Problem to solve
Look through the entries below for the line that contains "Produktbild von Horseware", then set down that line and each one after it exactly, through the last.

[Dataset records — start]

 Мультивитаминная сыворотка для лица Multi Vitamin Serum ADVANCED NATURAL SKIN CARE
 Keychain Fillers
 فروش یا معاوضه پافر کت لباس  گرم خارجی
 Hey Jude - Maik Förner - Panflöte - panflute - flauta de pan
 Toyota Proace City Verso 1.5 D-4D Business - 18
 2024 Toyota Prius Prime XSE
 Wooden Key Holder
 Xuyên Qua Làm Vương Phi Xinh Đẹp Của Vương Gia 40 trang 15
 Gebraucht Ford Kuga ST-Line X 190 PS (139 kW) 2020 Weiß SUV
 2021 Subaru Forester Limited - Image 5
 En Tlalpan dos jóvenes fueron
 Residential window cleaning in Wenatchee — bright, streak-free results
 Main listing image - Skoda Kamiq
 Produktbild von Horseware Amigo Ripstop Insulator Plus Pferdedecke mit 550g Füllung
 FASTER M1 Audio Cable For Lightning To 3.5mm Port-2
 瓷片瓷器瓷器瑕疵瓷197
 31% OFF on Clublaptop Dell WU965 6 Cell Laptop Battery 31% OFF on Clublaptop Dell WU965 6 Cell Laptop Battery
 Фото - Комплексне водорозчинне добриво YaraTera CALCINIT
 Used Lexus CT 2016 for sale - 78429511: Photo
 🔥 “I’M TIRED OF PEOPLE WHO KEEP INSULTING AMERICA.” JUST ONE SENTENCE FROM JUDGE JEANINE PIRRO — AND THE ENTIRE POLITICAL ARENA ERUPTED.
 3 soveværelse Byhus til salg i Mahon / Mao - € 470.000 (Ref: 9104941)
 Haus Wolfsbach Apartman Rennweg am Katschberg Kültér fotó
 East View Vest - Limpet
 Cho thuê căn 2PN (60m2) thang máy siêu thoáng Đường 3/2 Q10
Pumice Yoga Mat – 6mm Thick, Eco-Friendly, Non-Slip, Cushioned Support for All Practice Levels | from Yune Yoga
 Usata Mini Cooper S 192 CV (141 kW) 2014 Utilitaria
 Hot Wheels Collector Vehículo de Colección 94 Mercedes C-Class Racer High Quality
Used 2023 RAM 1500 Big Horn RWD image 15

[Dataset records — finish]

Problem solution
 Produktbild von Horseware Amigo Ripstop Insulator Plus Pferdedecke mit 550g Füllung
 FASTER M1 Audio Cable For Lightning To 3.5mm Port-2
 瓷片瓷器瓷器瑕疵瓷197
 31% OFF on Clublaptop Dell WU965 6 Cell Laptop Battery 31% OFF on Clublaptop Dell WU965 6 Cell Laptop Battery
 Фото - Комплексне водорозчинне добриво YaraTera CALCINIT
 Used Lexus CT 2016 for sale - 78429511: Photo
 🔥 “I’M TIRED OF PEOPLE WHO KEEP INSULTING AMERICA.” JUST ONE SENTENCE FROM JUDGE JEANINE PIRRO — AND THE ENTIRE POLITICAL ARENA ERUPTED.
 3 soveværelse Byhus til salg i Mahon / Mao - € 470.000 (Ref: 9104941)
 Haus Wolfsbach Apartman Rennweg am Katschberg Kültér fotó
 East View Vest - Limpet
 Cho thuê căn 2PN (60m2) thang máy siêu thoáng Đường 3/2 Q10
Pumice Yoga Mat – 6mm Thick, Eco-Friendly, Non-Slip, Cushioned Support for All Practice Levels | from Yune Yoga
 Usata Mini Cooper S 192 CV (141 kW) 2014 Utilitaria
 Hot Wheels Collector Vehículo de Colección 94 Mercedes C-Class Racer High Quality
Used 2023 RAM 1500 Big Horn RWD image 15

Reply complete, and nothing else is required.